Issued on behalf of and with approval from Latimer Hinks
HELP AT HAND WHEN THE SHOPPING HABIT COSTS TOO MUCH
Latimer Hinks is warning that shopping addiction is taking an even bigger financial toll in the recession.
The advice from Latimer Hinks Partner Mark Gardner, who specialises in debt and insolvency issues, follows a recent national survey which revealed 25 per cent of Britons are addicted to shopping.
The report said that more people are in the red due to shopping than gambling – 24.8 per cent compared to 0.6 per cent.
Mark said: “When the economy was growing and people’s employment was secure, allied with the guarantee of a healthy pay rise each year, some people may have been able to financially accommodate a shopping addiction.
“But with the soaring cost of necessities such as heat and light, pay freezes and redundancies, shopping addiction, in the current climate, will take a much bigger toll.
“The recent film Confessions of a Shopaholic took a light-hearted look at how a ‘spend, spend, spend’ attitude digs people deep into debt, but it is no laughing matter for those who find themselves in this situation in real life.
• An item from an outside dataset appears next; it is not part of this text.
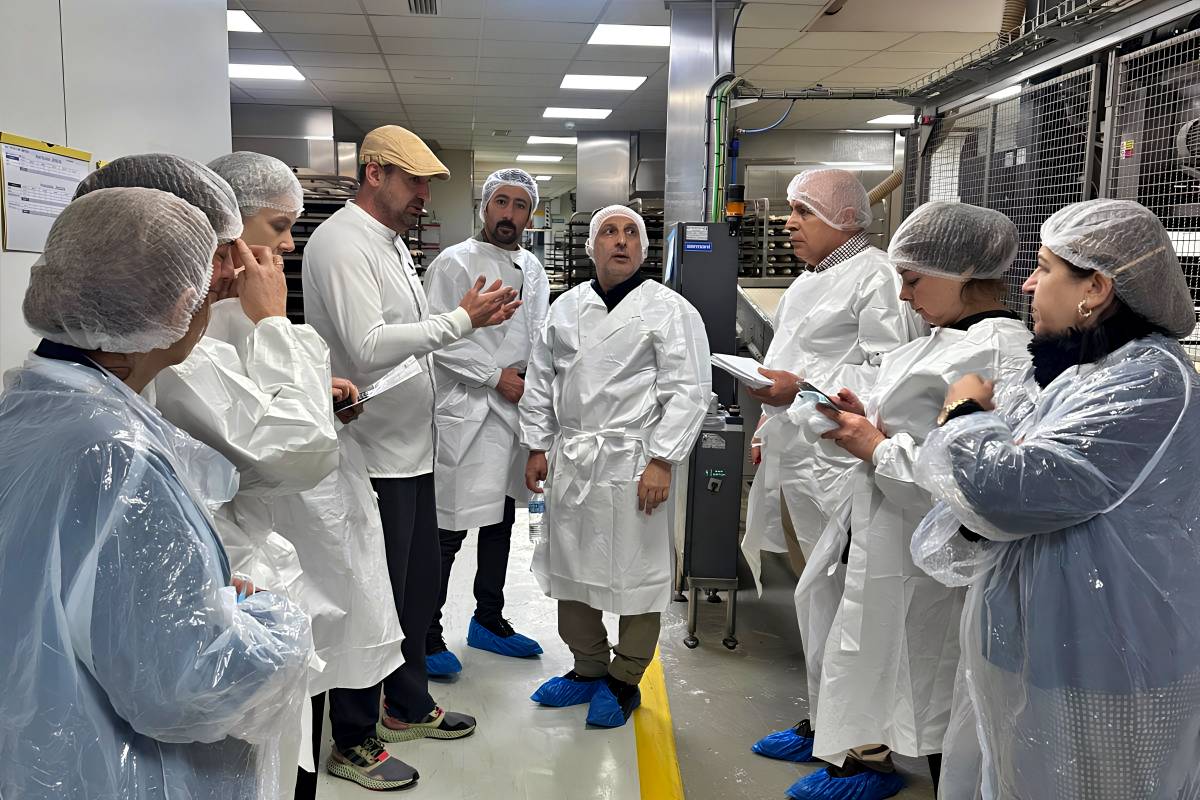 Jesús Sánchez muestra a una delegación turca el modelo sanitario del Pan de Cruz en Tomelloso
He is advising people not to ignore debt, but to tackle it at an early stage to prevent it from escalating uncontrollably.
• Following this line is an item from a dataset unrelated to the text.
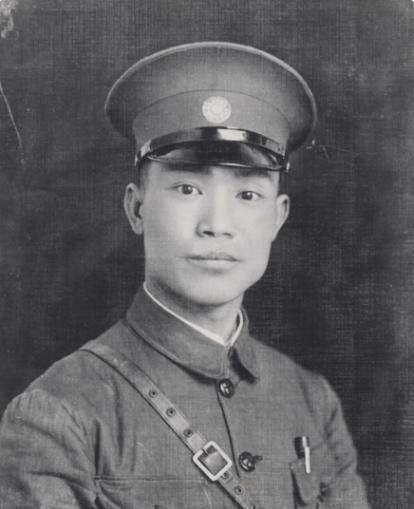 1925年，陈诚回家奔丧。7年不见的妻子，想与他同房。不料，刚到床上，就被他一脚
“Facing up to problems is not always easy, but people need to be honest with themselves and admit they have a problem and seek the appropriate advice to help them sort out their finances.”
Financial experts can guide people through the options open to them, give advice on improving cash flow and also may be able to help negotiate a payment plan with creditors at a smaller rate over a longer period of time.
Mark, whose firm is based in Darlington, added: “Mounting debt can overwhelm people and drive them to despair, but they are not alone as there is help out there to show them how to get their financial affairs back in order.”
Shopping addiction/impulse buying, clinically known as Oniomania, is when someone gets a ‘high’ from spending money on goods and spends excessively on items that they want rather than need, according to Priory addictions specialist Dr Philip Hopley.
He said: “One of the main implications of shopping addiction is debt. People who are addicted to shopping may spend even when they have no money to spend, which can soon lead to debt problems.
“Debts can often spiral out of control and can soon become unmanageable. Other consequences are denial and desperate acts to cover up the addiction leading to the breakdown of close relationships.
“But there is help out there not only to overcome the addiction itself, but to get people financially back on track.”
CASE STUDY
• Married couple in their late 20s.
• The husband was a student and the wife a teacher.
• Had run up £200,000 worth of debt on credit cards and in loans.
• Only had about £20,000 equity in their house.
• Taking out a new credit card to try to pay off balances of other credit cards, but also racking up even more spending on tick and credit cards at the same time.
• Got to the stage where they were so scared by their mounting financial crisis they could not face opening the post.
• Felt they were out of their depth and were emotionally traumatised and stressed by the plight in which they found themselves.
• It took the couple three hours to open the pile of bills and final demands.
• A plan was put together, which allowed them to make a fresh start and put their financial problems behind them.
Mark Gardner said: ”They were living a Rolls Royce lifestyle on a Mini income. We drew up series of proposed solutions, which we put to creditors. They did have to sell their house, but at least they were then in a position to make a fresh start and had managed to escape going bankrupt.
“However, had they sought our help earlier we would have been able to prevent them losing their house. While it is understandable that people feel overwhelmed and frightened, they must resist the temptation to ignore their financial problems. Our advice is to seek help at an early stage.”